## Physics Department Faculty Publication Series

2008

#### Journal or Book Title

Journal of Statistical Physics

#### Abstract

The purpose of this paper is to prove connections among the asymptotic behavior of the magnetization, the structure of the phase transitions, and a class of polynomials that we call the Ginzburg–Landau polynomials. The model under study is a mean-field version of a lattice spin model due to Blume and Capel. It is defined by a probability distribution that depends on the parameters β and K, which represent, respectively, the inverse temperature and the interaction strength. Our main focus is on the asymptotic behavior of the magnetization m(β n ,K n ) for appropriate sequences (β n ,K n ) that converge to a second-order point or to the tricritical point of the model and that lie inside various subsets of the phase-coexistence region. The main result states that as (β n ,K n ) converges to one of these points (β,K), $m(\beta_{n},K_{n})\sim \bar{x}|\beta -\beta_{n}|^{\gamma}\rightarrow 0$ . In this formula γ is a positive constant, and $\bar{x}$ is the unique positive, global minimum point of a certain polynomial g.
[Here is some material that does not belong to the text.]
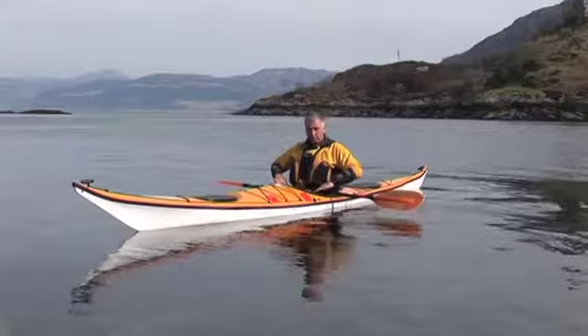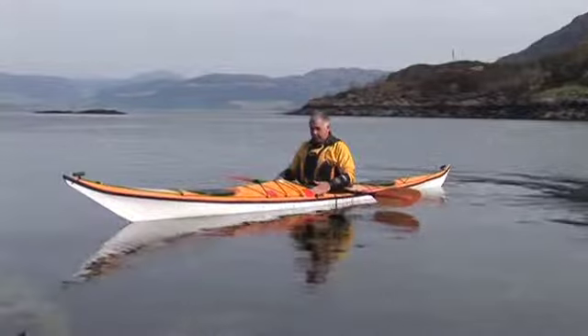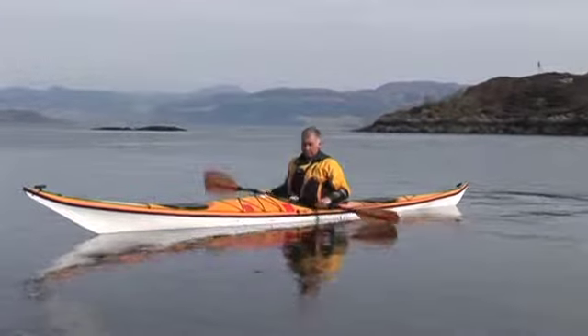Moving down my body, my thighs are on the inside of the cockpit here, my knees are touching just behind these marks here, and my toes are touching about where these marks are here.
We call g the Ginzburg–Landau polynomial because of its close connection with the Ginzburg–Landau phenomenology of critical phenomena. For each sequence the structure of the set of global minimum points of the associated Ginzburg–Landau polynomial mirrors the structure of the set of global minimum points of the free-energy functional in the region through which (β n ,K n ) passes and thus reflects the phase-transition structure of the model in that region. This paper makes rigorous the predictions of the Ginzburg–Landau phenomenology of critical phenomena and the tricritical scaling theory for the mean-field Blume–Capel model.